When Gabriella was being discharged from the NICU we noticed a smallish, flat red mark on her left side. As we had never seen it and it was never mentioned to us, a resident came over to make sure it wasn't an injury or irritation from any equipment. Turns out it was just a birthmark. A strawberry hemangioma, to be exact. Babies can be born with them or develop them in the days/weeks/months after birth. This type of birthmark is a non-malignant growth, made up of a gathering of red blood vessels. They typically will double or triple in size and are usually done growing somewhere between 9 months and 3 years. They will then stabilze and slowly shrink back down. From what I've read and been told a few risk factors for a baby having them are being caucasion girls, a multiple gestation, high levels of maternal estrogen, maternal high blood pressure, and pre-eclampsia. (Benjamin has a very small one on the top of his head that started about a month ago.)
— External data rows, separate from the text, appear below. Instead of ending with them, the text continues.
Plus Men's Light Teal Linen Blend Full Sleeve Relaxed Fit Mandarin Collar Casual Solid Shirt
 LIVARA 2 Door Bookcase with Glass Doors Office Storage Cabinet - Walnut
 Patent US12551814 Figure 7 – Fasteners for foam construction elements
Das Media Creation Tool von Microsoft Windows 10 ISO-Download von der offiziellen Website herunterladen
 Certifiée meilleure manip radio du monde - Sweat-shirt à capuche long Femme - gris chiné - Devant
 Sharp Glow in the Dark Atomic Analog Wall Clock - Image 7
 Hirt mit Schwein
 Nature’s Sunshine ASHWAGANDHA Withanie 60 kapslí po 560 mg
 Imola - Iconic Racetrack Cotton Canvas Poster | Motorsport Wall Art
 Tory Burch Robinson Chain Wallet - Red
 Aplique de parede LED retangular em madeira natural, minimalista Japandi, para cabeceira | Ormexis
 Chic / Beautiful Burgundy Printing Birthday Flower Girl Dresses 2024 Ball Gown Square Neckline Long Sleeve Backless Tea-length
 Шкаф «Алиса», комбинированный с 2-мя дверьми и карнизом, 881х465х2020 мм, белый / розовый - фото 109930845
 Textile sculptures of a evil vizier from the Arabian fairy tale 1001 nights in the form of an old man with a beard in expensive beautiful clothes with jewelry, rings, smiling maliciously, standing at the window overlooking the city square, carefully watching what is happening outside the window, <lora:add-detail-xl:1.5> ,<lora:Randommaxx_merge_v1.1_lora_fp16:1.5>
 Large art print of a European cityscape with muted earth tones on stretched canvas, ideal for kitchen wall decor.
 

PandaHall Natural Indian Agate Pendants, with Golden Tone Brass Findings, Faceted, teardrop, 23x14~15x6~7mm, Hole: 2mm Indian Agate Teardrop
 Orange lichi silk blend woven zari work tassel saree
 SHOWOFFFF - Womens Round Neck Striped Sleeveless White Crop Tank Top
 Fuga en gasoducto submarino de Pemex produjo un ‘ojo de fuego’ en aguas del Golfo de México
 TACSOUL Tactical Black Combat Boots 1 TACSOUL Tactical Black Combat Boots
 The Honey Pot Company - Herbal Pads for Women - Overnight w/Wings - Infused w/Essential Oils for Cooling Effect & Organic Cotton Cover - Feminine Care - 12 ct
Two weeks later, we noticed one on the back of her head. This one has gotten very large, very quickly and is pretty elevated. Hers has a very smooth surface and is almost perfectly round. Size-wise it's about 3 cm by 2.5 cm. The one on her side is not that big or as elevated, but has still gotten quite a bit bigger from it's starting point. That one is more irregularly shaped and has a slightly bumpy texture, like the one pictued if you clicked the link. I was super concerned because Gabriella seems to not want to lay her head straigh back on it, and she definitely prefers to look left to begin with. Well, with everything else we have going on, I'd really like to not have either kid get a flat spot that requires a helmet! I had read about different treatment options, but our initial pediatrician assured me there was no need, just let nature take it's course. I guess hemangeomas are not normally treated unless they might interfere with the quality of a baby's life (obstructing ears, nose, eyes, mouth, etc) or are very large on the face. Well. there are four different pediatricians in the practice that the babies go to; there's one I really, really like, so for well visits we can request her. She met Gabriella for the first time at thier two month well baby check and immediately suggested we see a pediatric dermatologist at Children's Memorial Hospital. I jumped at the suggestion, but the soonest they could get us in was the end of October.
Low and behold, I called out of the blue last Wednesday to check for cancellations, and there was one for the very next day, so we took it. The derm agreed that Gabriella was a good candidate for treatment. The route she recommended was a cardiac medicine called Propranolol. It's not yet approved by the FDA for treating hemangiomas, but is apparently used worldwide with great effectiveness. Gabriella had an electrocardiogram last week, had to wear a Holter monitor for 24 hours to track her heart activity, and is on a list for a bed at Children's. Once cardiology clears her Holter results and a bed is available, she'll be admitted for 24 hours. They'll then do an ECHO (ultrasound of the heart), and administer 3 doses of the medicine, once every 8 hours. As long as those three doses go smoothly and her heart rate, blood sugar, and potassium levels don't drop, we'd be sent home on the medicine and likely continue it for a year. Her hair will still grow through the birthmark once it flattens; she won't have a bald spot.
We should hear from cardiology any day now, and then we are just waiting for a bed. In the packet of information they gave us it stated that we'll be in a semi-private room but will not be placed with a child that is contagious. It also went on to say that our child will likely be the healthiest baby on the floor. Yup, right there in black and white, we got a reality check to ensure that we keep things in perspective, which makes me pause and think back on our NICU time. I could write several posts about things that went on around me during the month that we were there, and one day I might. Let me just wrap up by saying that Jamie and I are beyond blessed to have been able to bring two beautiful babies home from the hospital. We witnessed several cases where that was not how they ended. In just a 24 hour stay at Children's, we won't get to know anyone like we did at the NICU, but I will remember that as serious as this is for us, I will be in a place with mommies that would give anything to "just" be dealing with our situation and be able to bring home a healthy baby.